Routinely, patients are sent to the general ward immediately postoperatively. As a suction drain is used, most patients are discharged on postoperative day (POD) 2. If drain output is minimal, discharge occasionally occurs on POD 1. Patients are commenced on a soft diet postoperatively and they are discharged home with this diet. Simple analgesia including paracetamol and ibuprofen are used for postoperative pain. Rarely opiate analgesia is required.
The major complication related to this approach is traction injury to the brachial plexus. Although rare, care must be taken to ensure the ipsilateral arm is not over extended. Kang et al. reported on 338 consecutive patients who underwent transaxillary robotic thyroidectomy with a transient ipsilateral arm paralysis rate of 1%. Paresthesia to the neck skin is common in this approach. The accessory nerve is also at risk in the level V neck during flap dissection.
Advantages and limitations
The transaxillary approach provides the best access to the ipsilateral thyroid, central, and lower lateral neck of all three robotic-assisted approaches. An external retractor for the strap muscles can be used to provide necessary retraction to free all robotic arms. Its main limitations are superior neck access along with the contralateral thyroid and neck. Often, bilateral approaches are required for bilateral disease.

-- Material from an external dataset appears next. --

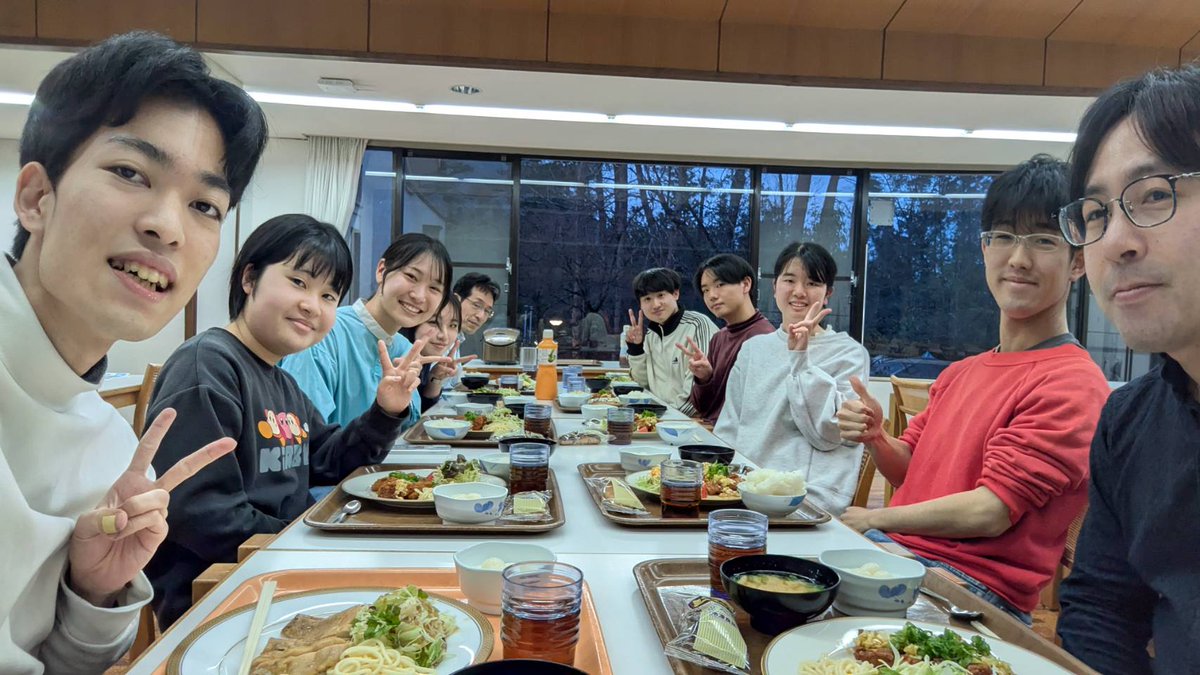 KGChoir_recruit's tweet photo. 合宿中です🥹
ご飯おいしい https://t.co/KtS5c2uxLu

The retroauricular robotic thyroidectomy can be performed using da Vinci Si, Xi, or single port (SP) platforms. The room setup is similar to that described for TORT; however, the patient cart should be at the contralateral side of the incised neck ( Fig. 48.1 ). GA similarly is performed using an endotracheal tube, secured contralateral to the operative side. The patient is placed in the supine position without neck extension and the head rotated away from the operative side.